* **REQUIREMENT**
Begin at the line that has "Stecker aus der", stop after the line that has "Our law is a", and print exactly those lines from the records below, without any pictures.

* **EXTRACTED RECORDS**
# # # # # # #

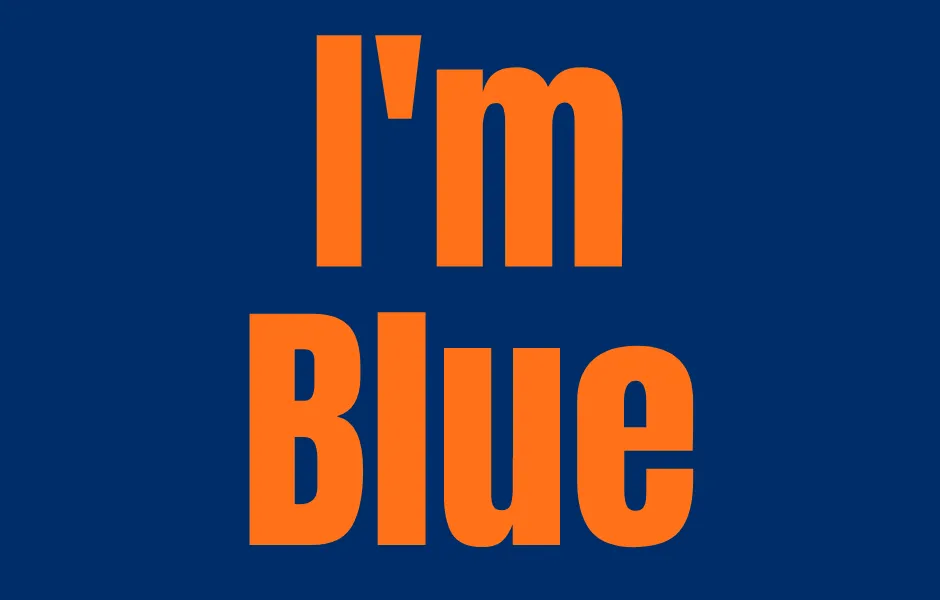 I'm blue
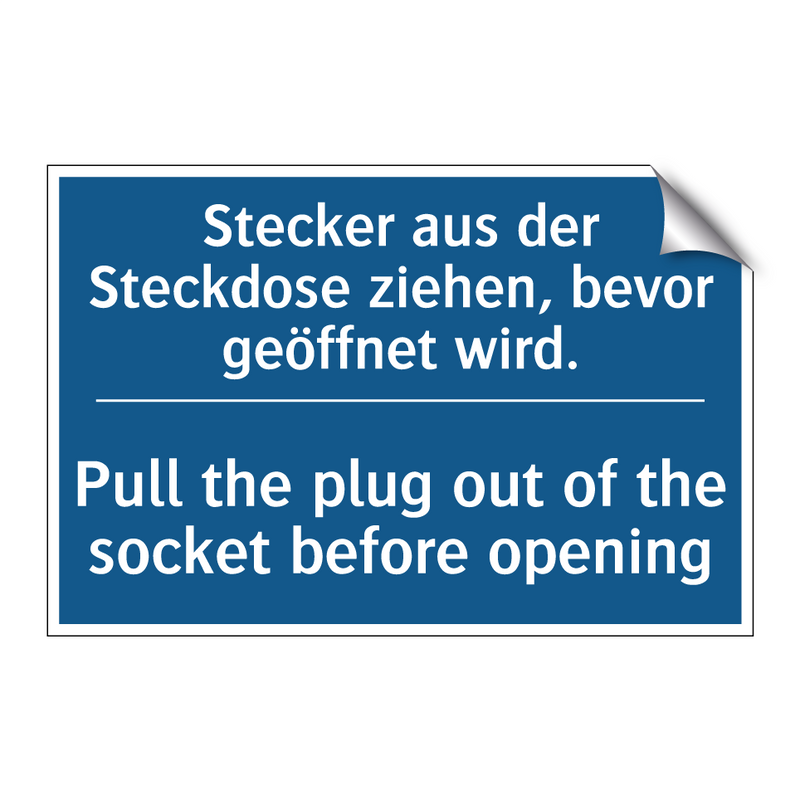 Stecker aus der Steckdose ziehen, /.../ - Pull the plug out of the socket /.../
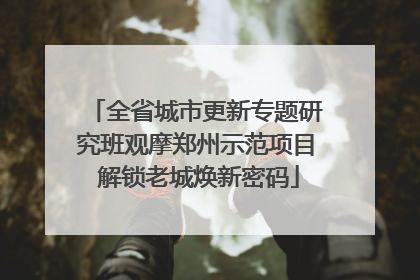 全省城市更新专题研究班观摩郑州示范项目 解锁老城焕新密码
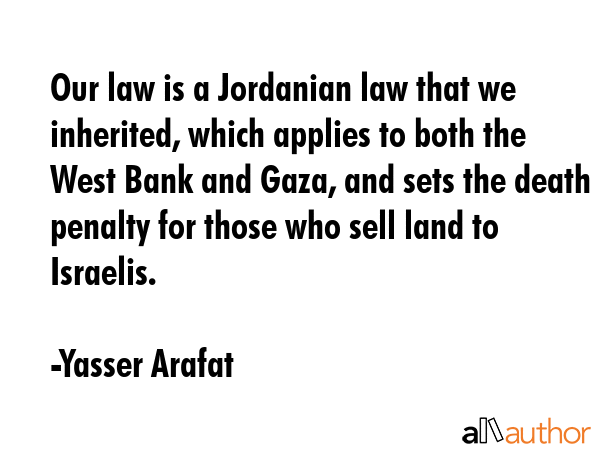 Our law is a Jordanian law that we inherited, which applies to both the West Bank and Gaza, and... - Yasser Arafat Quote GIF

# # # # # # #

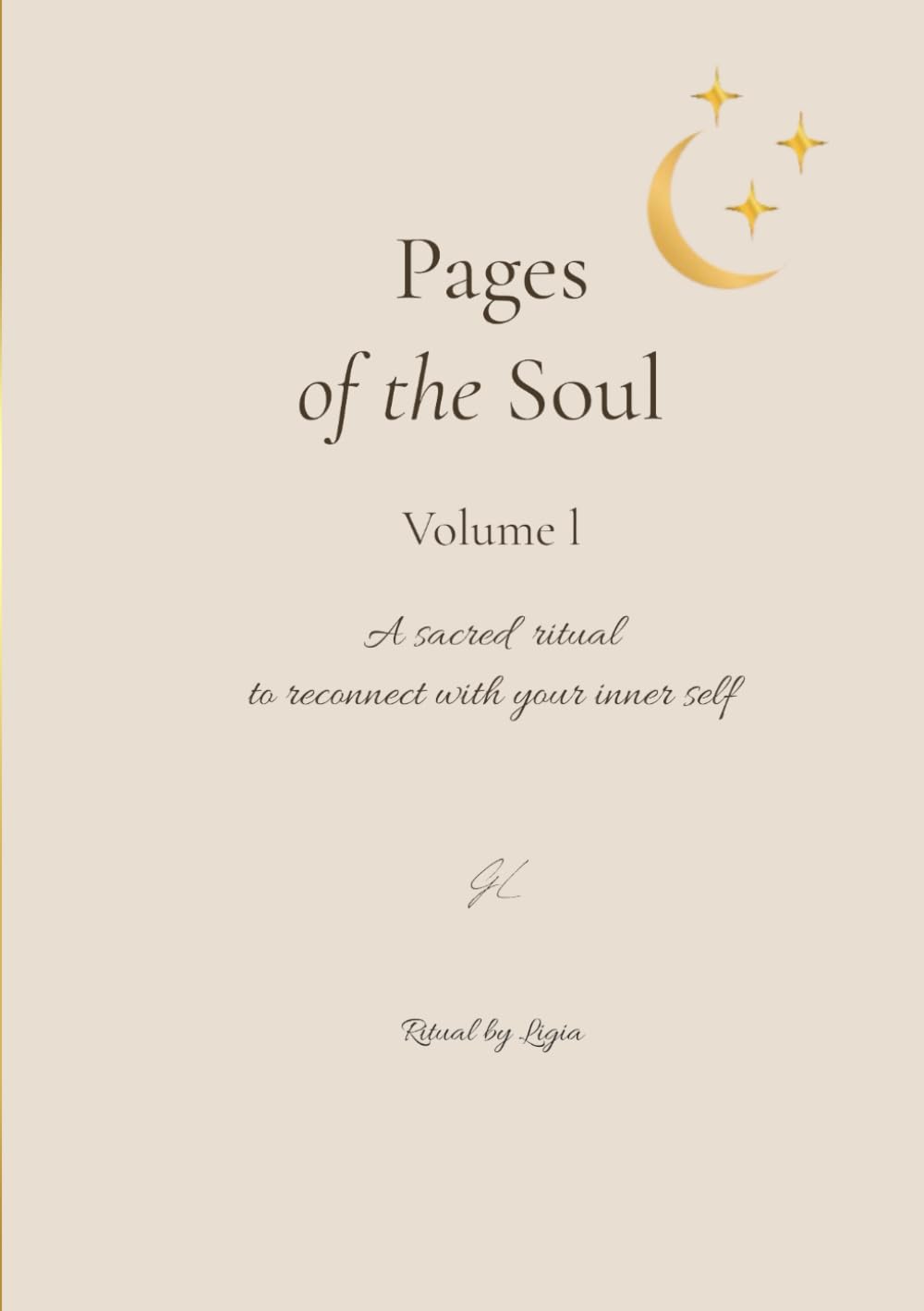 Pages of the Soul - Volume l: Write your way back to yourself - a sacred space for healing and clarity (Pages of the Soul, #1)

# # # # # # #

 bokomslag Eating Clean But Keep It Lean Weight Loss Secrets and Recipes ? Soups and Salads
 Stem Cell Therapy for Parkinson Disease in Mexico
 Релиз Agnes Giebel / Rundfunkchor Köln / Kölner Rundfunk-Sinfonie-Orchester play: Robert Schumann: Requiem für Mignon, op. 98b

# # # # # # #

* **ANSWER FOR THE TASK**
 Stecker aus der Steckdose ziehen, /.../ - Pull the plug out of the socket /.../
 全省城市更新专题研究班观摩郑州示范项目 解锁老城焕新密码
 Our law is a Jordanian law that we inherited, which applies to both the West Bank and Gaza, and... - Yasser Arafat Quote GIF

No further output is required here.